Yeast, fungus and candida markers alert us to overgrowths in the gut that are very common, in large part due to the overconsumption of sugar in its many various forms that have become ubiquitous in the standard American diet.


Parasites are a common invasive organism that in some cases can wreak havoc on digestive systems. Parasites can be acquired through contaminated water, food, waste, soil, blood, sexual contact and insects.


There are many different types of parasites and their presence in our gut can vary from minimal and benign to mild and moderate to many and severe. Depending on which parasites are found and in what amount, targeted treatments can be incorporated to rid the body of these disruptive invaders.


Digestive insufficiency is very common, in large part due to the imbalanced diet and lifestyle inherent to modern living. Evaluating pancreatic enzyme output and the need for HCl, bile and supplementary enzyme support can simply and effectively improve the body’s digestive process.


Maldigestion and malabsorption are by-products of a weakened digestion and must be assessed to ensure a patient is getting the vital nutrients their body needs from the foods they eat. We look at various markers of protein and fat breakdown to evaluate how efficiently the body is digesting macronutrients.


Intestinal permeability (aka leaky gut) occurs when the tight junctions in our intestinal wall that are supposed to protect our body from invasive bacteria, viruses, toxins and food particles become dysfunctional.
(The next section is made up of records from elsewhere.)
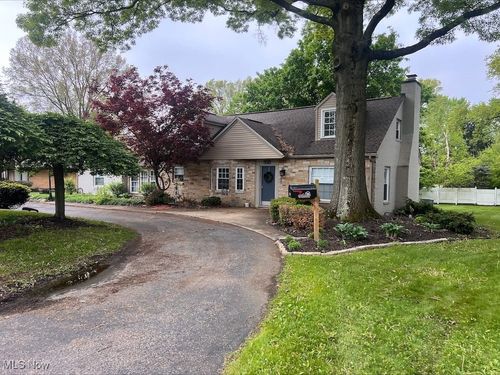 3118 Fulton Dr Nw, Canton, OH, 44718-3264 | Card Image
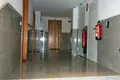 Mieszkanie 1 pokój 60 m² Alicante, Hiszpania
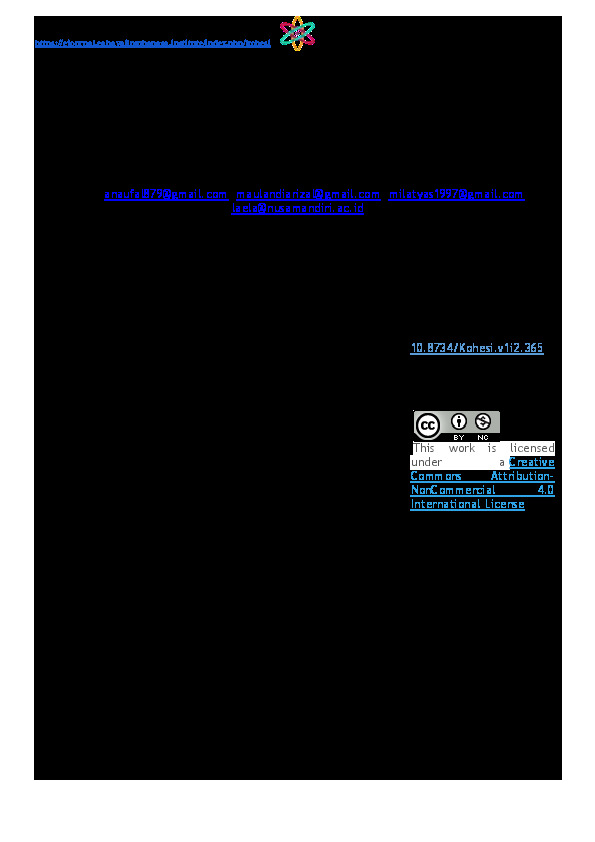 File unduhan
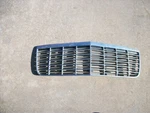 Cadillac Fleetwood Brougham Oem Grill Gm 10241515 Chrome Factory Original 93 96. Fixed Price $74.40.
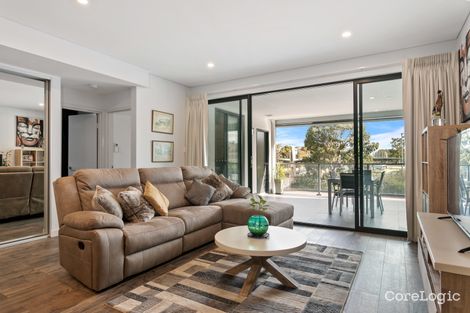 Property photo of 10/1 Davenport Road Booragoon WA 6154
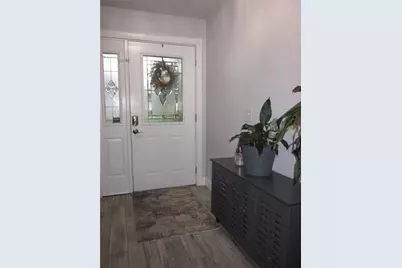 4902 Country Aire Lane, Tampa, FL 33624 - Photo 4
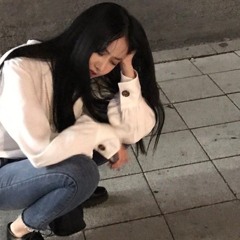 신비웅니노래
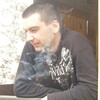 паша ))), 31, г.Березино паша ))), 31, г.Березино
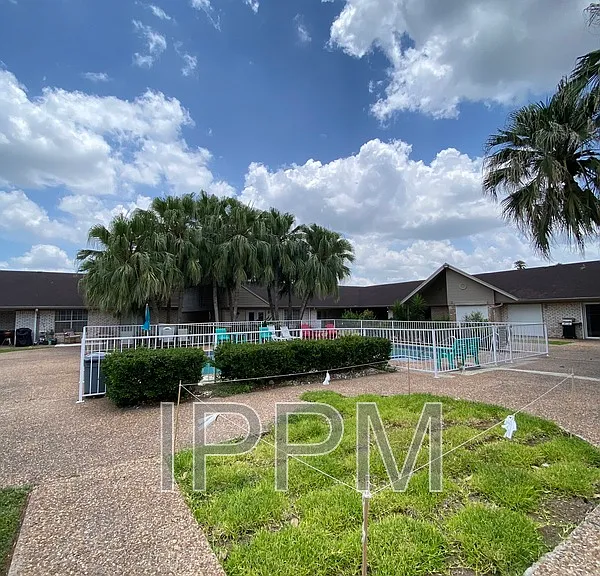 1500 Palm Valley Dr #12 — Photo 22
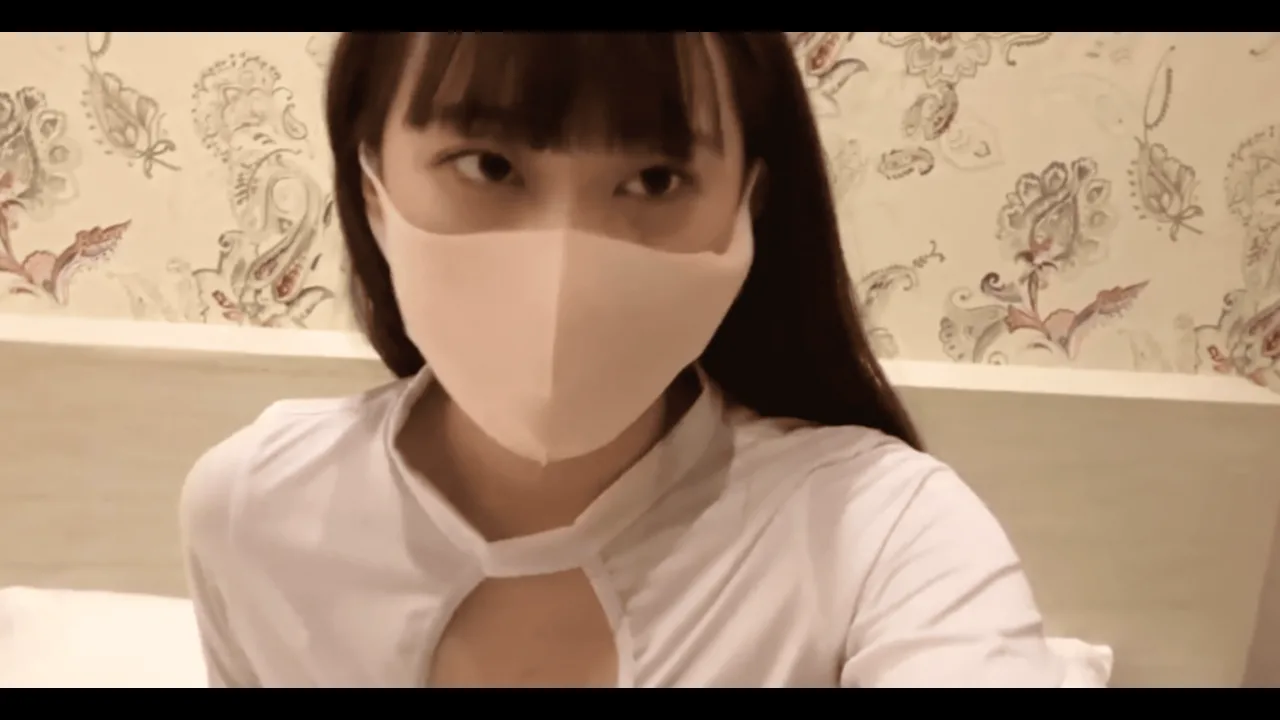 巨尻調教 アナル 無修正 美乳素人 - FC2 Video - 301230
Having a “leaky gut” can lead to chronic systemic inflammatory diseases, mood imbalances, skin issues, neurodegenerative disorders, hormone dysregulation, asthma and allergies, autoimmune disorders, plus much more, and must be treated in order to heal the body completely.


Beyond a Comprehensive Stool Analysis, running Food Immunology labs and Small Intestinal Bacterial Overgrowth (SIBO) breath testing is incredibly useful for resolving digestive issues.
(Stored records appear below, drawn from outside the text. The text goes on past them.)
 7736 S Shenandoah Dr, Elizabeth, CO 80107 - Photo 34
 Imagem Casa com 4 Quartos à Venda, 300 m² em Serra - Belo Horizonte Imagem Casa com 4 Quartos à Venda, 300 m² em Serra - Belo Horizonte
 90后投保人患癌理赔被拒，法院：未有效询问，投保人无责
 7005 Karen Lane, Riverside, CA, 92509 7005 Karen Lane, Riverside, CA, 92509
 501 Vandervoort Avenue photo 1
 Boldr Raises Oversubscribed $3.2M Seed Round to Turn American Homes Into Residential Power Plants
Food Immunology labs can help identify antigenic intolerances through blood work, revealing dietary triggers that may be covertly exacerbating health problems. Without removing these problematic foods, every meal can be like pouring gasoline on the fire of our body’s internal inflammation.


Small Intestinal Bacterial Overgrowth (SIBO) is an overgrowth of pathogenic bacteria in the small intestine that generates gasses, such as methane, hydrogen and hydrogen sulfide.


Patients with SIBO can experience a long list of symptoms, including bloating, nausea, diarrhea, constipation, joint pain, skin issues, depression, anxiety, fatigue, malnutrition, indigestion, gas and nutrient deficiencies.


A SIBO breath test can tell us exactly how prevalent a pathogenic bacterial overgrowth may be and guide a customized treatment plan for SIBO that can often alleviate a myriad of digestive and systemic health issues.


So, as you can see, there’s really a lot more behind bloating than one might think. Utilizing lab work to identify the specific combinations of imbalances unique to each patient is essential for putting together a targeted, customized treatment plan that will help the body return to a place of health and homeostasis.